Piggy bankDespite the government desiring otherwise, there have been next to no new entrants in the banking world since the start of the credit crunch. That has allowed the likes of Barclays (LSE: BARC) (NYSE: BCS.US), Lloyds (LSE: LLOY) (NYSE: LYG.US) and RBS (LSE: RBS) to recapitalise, strengthen their balance sheets and, in the case of Lloyds and RBS, return to profitability this year (Barclays has been profitable throughout recent years).

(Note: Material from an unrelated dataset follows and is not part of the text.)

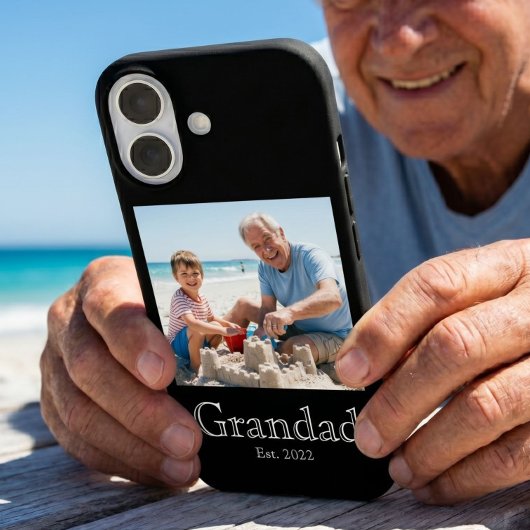 Opa Opgericht Foto Wit Krachtig Minimaal Tekst Case-Mate iPhone Case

However, there are reports that literally dozens of new, challenger banks are set to enter the industry. That’s because various entry barriers are being relaxed so as to make it far easier for new entrants to gain a foothold in what has historically been a tough industry to enter. Indeed, roughly five times as many companies are applying for banking licenses as this time last year. Could more competition mean less profit for the old guard?

Loss Leaders

Clearly, more competition is rarely good news for any industry. However, in the case of the banks, their sheer size and scale means that it will be hugely challenging for new entrants to compete with them. For example, current accounts are generally free, but amount to a cost for the banks that they are happy to encounter due to the cross-selling opportunities that current accounts offer. Indeed, some banks (for example, Halifax) even pay customers to open a current account with them and then keep paying every month so long as it is being used.

This highlights the huge attraction and opportunity that current accounts present to banks. They would not be free if they did not offer the potential to make profits on other products such as mortgages and credit cards. While the likes of Lloyds, Barclays and RBS can afford to take a loss on current accounts, it is unlikely that new entrants will be able to, and so could miss out on highly lucrative cross-selling opportunities.

Niche Players

New entrants will also be unable to compete with the old guard in terms of a branch network. They can’t, for example, suddenly open hundreds of branches and employ thousands of staff to run them. However, what they could do is become niche players who embrace new technology. For example, they may offer online-only accounts, focus on savings products and mortgages, or try to differentiate themselves based on customer service.

In doing so, they could pose a threat to the major banks in the long run. Of course, the extent of this threat will depend upon how onerous regulation will be in future, as well as how RBS, Lloyds and Barclays react to new technology and the change in customer tastes. Thus far, they appear to be embracing it and are improving their online offerings, closing branches and keeping up with new technology.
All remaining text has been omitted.